*** Task material ***

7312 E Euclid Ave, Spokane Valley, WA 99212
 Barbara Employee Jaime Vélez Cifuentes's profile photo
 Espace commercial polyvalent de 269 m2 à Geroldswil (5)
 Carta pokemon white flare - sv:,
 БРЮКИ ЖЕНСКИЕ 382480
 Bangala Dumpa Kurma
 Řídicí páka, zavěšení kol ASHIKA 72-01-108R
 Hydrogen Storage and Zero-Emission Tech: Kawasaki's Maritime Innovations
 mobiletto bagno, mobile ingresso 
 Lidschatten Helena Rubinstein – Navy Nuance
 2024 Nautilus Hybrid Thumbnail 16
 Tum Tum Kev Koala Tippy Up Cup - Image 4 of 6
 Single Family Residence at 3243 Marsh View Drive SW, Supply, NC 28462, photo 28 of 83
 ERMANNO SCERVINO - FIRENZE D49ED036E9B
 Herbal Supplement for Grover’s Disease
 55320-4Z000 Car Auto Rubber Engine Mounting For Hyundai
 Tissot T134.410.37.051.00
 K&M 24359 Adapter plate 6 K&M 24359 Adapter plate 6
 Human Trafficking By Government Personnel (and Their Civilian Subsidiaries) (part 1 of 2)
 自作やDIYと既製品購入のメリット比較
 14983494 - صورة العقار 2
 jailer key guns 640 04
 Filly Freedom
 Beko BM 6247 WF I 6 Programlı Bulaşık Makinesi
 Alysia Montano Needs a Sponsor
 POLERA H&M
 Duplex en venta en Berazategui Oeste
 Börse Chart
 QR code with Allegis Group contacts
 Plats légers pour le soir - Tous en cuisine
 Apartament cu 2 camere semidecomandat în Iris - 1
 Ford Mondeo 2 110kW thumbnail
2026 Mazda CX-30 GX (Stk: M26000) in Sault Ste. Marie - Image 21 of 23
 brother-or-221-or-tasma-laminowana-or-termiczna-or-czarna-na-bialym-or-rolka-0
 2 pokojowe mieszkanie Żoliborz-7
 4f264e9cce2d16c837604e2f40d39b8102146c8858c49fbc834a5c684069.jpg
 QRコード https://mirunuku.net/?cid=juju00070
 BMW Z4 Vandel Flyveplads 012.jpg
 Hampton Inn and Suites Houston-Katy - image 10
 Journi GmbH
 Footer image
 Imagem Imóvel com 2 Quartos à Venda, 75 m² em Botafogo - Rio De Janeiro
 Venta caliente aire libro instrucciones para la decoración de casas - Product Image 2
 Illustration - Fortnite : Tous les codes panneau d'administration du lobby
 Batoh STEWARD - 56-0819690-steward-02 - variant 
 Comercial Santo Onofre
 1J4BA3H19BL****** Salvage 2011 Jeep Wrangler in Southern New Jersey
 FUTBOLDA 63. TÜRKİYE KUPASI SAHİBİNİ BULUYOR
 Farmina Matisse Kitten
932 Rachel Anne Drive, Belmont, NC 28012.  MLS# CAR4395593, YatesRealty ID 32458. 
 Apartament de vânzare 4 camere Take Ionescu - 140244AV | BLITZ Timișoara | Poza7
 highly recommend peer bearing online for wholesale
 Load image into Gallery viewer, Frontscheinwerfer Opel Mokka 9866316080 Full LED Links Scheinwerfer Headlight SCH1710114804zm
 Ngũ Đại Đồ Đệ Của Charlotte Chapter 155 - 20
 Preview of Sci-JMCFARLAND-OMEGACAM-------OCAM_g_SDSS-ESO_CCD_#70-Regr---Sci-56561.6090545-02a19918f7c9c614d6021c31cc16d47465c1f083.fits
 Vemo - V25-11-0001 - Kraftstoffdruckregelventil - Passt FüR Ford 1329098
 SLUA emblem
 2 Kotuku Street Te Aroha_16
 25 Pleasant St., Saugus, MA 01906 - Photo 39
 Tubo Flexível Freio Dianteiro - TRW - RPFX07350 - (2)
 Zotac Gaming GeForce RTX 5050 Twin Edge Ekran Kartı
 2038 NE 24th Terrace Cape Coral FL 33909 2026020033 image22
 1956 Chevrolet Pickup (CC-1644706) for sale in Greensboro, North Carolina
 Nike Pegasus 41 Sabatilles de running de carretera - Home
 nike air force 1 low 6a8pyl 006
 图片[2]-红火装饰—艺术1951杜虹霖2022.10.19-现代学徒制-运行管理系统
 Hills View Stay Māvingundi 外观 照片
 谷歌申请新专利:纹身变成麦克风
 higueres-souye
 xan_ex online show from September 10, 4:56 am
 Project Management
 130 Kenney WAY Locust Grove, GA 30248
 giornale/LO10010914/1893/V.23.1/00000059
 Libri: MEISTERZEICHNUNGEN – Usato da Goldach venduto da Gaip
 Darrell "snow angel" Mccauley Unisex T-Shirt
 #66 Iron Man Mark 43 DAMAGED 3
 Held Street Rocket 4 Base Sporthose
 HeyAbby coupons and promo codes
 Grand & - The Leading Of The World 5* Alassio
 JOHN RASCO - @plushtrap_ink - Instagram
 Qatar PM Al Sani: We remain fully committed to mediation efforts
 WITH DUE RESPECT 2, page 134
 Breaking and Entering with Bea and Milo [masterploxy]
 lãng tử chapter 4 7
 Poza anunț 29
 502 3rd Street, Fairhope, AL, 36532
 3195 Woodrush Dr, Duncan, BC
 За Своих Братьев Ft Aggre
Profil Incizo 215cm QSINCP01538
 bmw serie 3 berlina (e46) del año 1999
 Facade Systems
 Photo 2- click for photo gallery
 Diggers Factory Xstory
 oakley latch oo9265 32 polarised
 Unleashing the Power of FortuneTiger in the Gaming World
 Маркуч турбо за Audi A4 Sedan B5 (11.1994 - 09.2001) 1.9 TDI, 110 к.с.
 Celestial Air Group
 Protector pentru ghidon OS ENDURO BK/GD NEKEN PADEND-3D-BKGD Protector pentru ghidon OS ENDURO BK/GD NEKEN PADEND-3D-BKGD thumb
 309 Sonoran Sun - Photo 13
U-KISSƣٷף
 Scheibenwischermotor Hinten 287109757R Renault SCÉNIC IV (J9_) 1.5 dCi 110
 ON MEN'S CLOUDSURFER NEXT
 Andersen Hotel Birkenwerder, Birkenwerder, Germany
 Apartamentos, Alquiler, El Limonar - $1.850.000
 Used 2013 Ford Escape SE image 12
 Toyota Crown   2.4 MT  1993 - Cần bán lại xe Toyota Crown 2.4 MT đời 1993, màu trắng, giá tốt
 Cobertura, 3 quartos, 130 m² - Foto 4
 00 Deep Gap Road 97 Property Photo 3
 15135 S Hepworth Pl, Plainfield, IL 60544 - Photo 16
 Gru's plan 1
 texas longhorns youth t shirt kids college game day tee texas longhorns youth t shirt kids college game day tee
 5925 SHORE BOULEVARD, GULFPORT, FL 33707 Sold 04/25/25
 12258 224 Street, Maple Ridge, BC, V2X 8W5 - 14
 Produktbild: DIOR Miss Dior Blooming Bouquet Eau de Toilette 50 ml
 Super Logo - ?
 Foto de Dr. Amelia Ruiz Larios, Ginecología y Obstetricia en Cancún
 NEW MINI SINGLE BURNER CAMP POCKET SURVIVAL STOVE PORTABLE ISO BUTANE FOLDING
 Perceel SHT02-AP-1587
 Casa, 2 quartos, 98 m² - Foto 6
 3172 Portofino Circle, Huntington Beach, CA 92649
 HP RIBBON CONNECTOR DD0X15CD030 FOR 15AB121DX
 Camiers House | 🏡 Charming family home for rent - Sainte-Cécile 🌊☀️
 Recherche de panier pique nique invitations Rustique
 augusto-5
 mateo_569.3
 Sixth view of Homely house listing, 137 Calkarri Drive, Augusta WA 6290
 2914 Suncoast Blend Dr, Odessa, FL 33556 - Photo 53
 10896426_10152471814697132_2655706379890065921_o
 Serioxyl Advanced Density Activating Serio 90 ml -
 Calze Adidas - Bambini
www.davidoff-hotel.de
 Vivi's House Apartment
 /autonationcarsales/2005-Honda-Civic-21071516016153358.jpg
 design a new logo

*** End of Task material ***

Required action → Using the data above, restate word for word the lines from its opening line through the line that contains "Apartament cu 2", and no more.

Result →
7312 E Euclid Ave, Spokane Valley, WA 99212
 Barbara Employee Jaime Vélez Cifuentes's profile photo
 Espace commercial polyvalent de 269 m2 à Geroldswil (5)
 Carta pokemon white flare - sv:,
 БРЮКИ ЖЕНСКИЕ 382480
 Bangala Dumpa Kurma
 Řídicí páka, zavěšení kol ASHIKA 72-01-108R
 Hydrogen Storage and Zero-Emission Tech: Kawasaki's Maritime Innovations
 mobiletto bagno, mobile ingresso 
 Lidschatten Helena Rubinstein – Navy Nuance
 2024 Nautilus Hybrid Thumbnail 16
 Tum Tum Kev Koala Tippy Up Cup - Image 4 of 6
 Single Family Residence at 3243 Marsh View Drive SW, Supply, NC 28462, photo 28 of 83
 ERMANNO SCERVINO - FIRENZE D49ED036E9B
 Herbal Supplement for Grover’s Disease
 55320-4Z000 Car Auto Rubber Engine Mounting For Hyundai
 Tissot T134.410.37.051.00
 K&M 24359 Adapter plate 6 K&M 24359 Adapter plate 6
 Human Trafficking By Government Personnel (and Their Civilian Subsidiaries) (part 1 of 2)
 自作やDIYと既製品購入のメリット比較
 14983494 - صورة العقار 2
 jailer key guns 640 04
 Filly Freedom
 Beko BM 6247 WF I 6 Programlı Bulaşık Makinesi
 Alysia Montano Needs a Sponsor
 POLERA H&M
 Duplex en venta en Berazategui Oeste
 Börse Chart
 QR code with Allegis Group contacts
 Plats légers pour le soir - Tous en cuisine
 Apartament cu 2 camere semidecomandat în Iris - 1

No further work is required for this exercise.